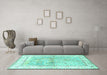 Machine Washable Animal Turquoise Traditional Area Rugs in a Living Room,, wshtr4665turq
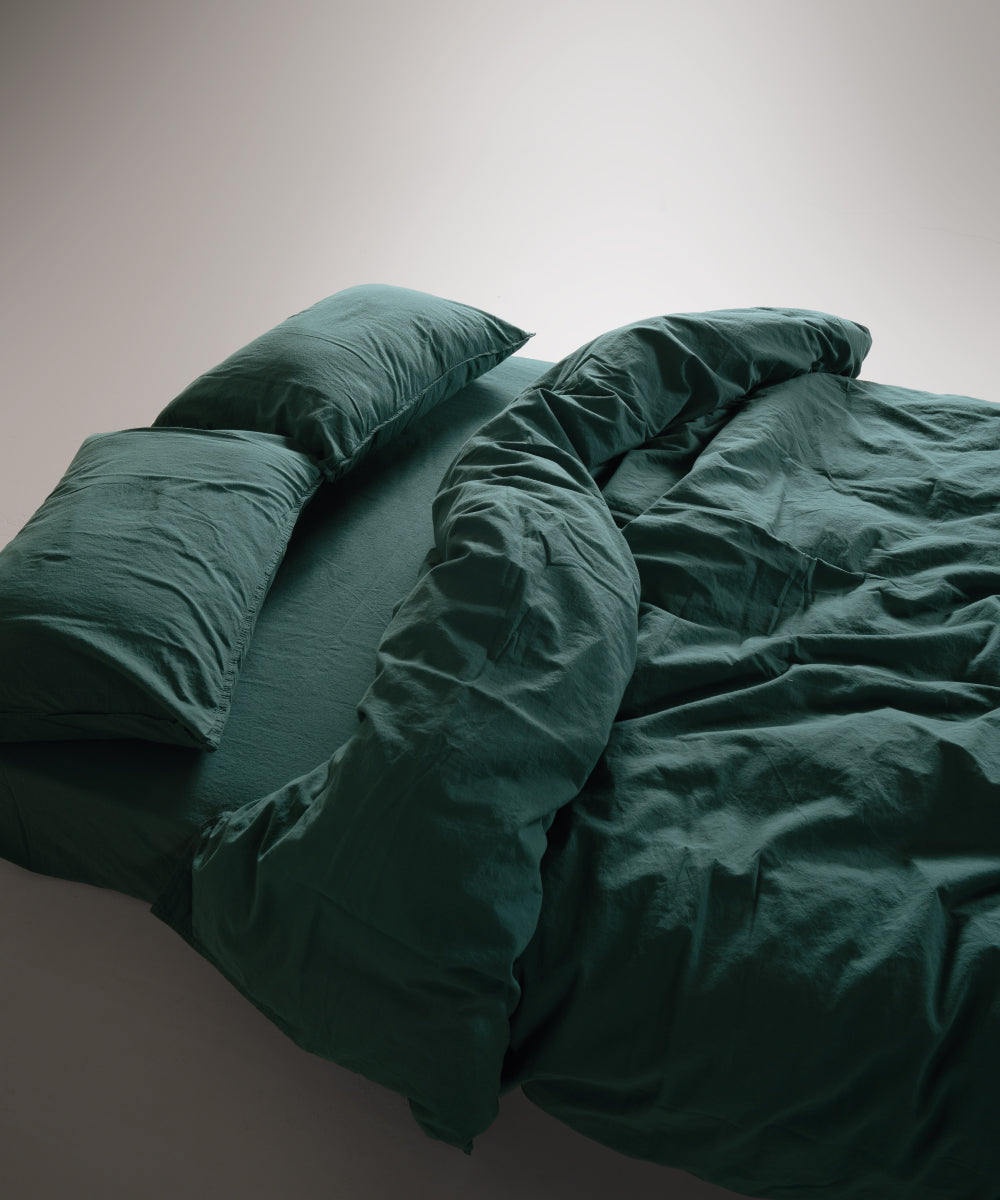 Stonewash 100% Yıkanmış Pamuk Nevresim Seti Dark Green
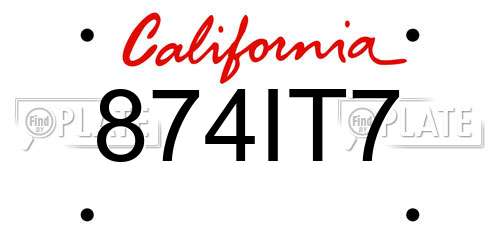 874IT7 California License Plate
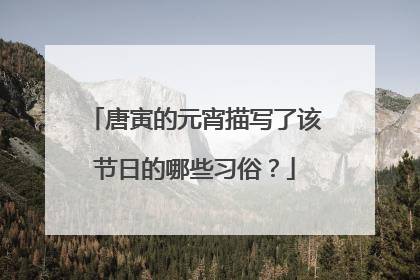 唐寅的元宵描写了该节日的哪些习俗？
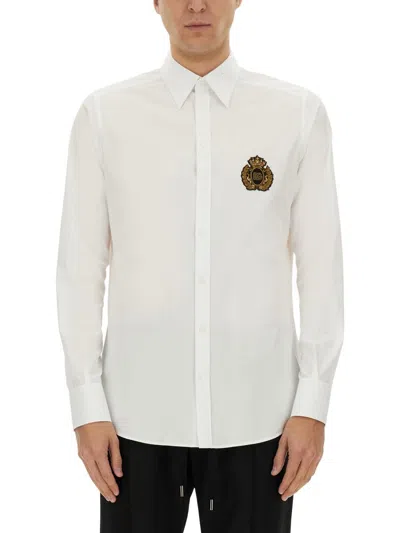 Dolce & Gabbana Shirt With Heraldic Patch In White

Work required
Restate all entries above exactly, but not the images.

Completed task
 Machine Washable Animal Turquoise Traditional Area Rugs in a Living Room,, wshtr4665turq
 Stonewash 100% Yıkanmış Pamuk Nevresim Seti Dark Green
 874IT7 California License Plate
 唐寅的元宵描写了该节日的哪些习俗？
 Dolce & Gabbana Shirt With Heraldic Patch In White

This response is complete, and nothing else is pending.